Task instructions — Although the records contain pictures, only their text should be reproduced, exactly as written.

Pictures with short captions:
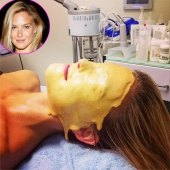 7 horrible cosmetic procedures popular in Hollywood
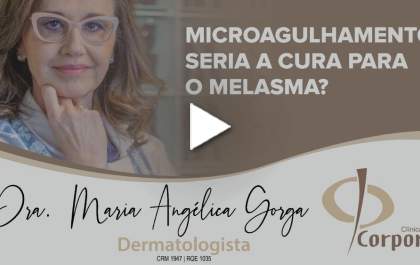 Microagulhamento seria a cura para o Melasma?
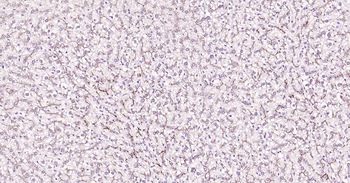 ABCB1 Antibody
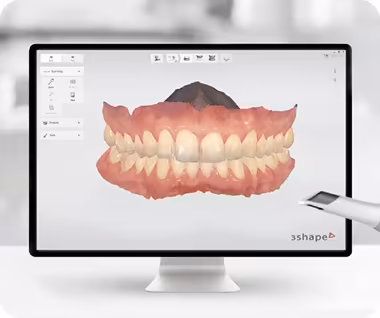 Nha khoa I-Dent ứng dụng công nghệ scan răng 3D, đảm bảo miếng dán veneer sát khít hoàn hảo.
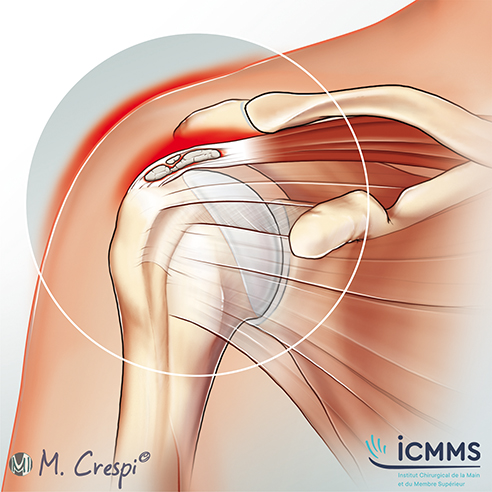 Calcification de l'épaule, pathologie de l'épaule - ICMMS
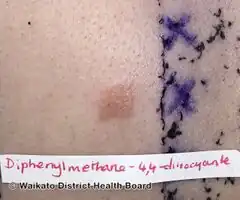 Patch test to isocyanate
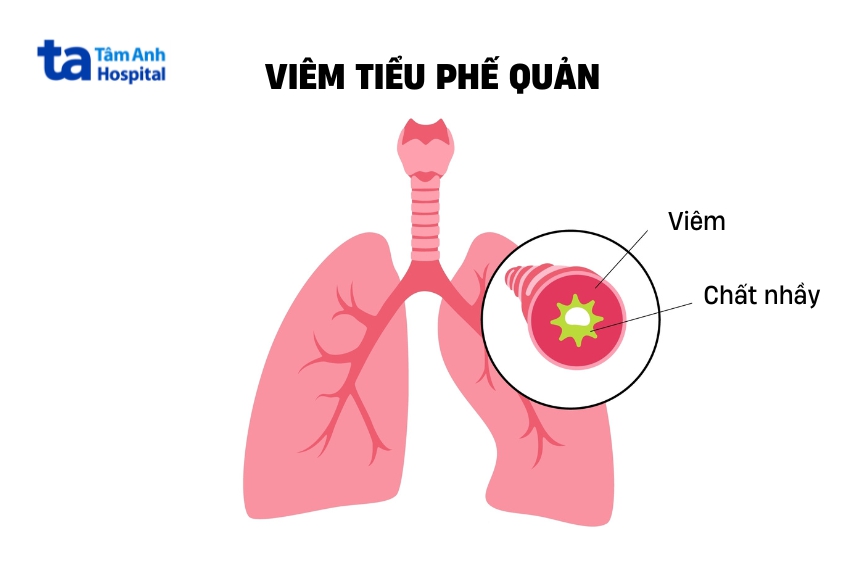 tiểu phế quản sưng viêm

Answer section —
 7 horrible cosmetic procedures popular in Hollywood
 Microagulhamento seria a cura para o Melasma?
 ABCB1 Antibody
 Nha khoa I-Dent ứng dụng công nghệ scan răng 3D, đảm bảo miếng dán veneer sát khít hoàn hảo.
 Calcification de l'épaule, pathologie de l'épaule - ICMMS
 Patch test to isocyanate
 tiểu phế quản sưng viêm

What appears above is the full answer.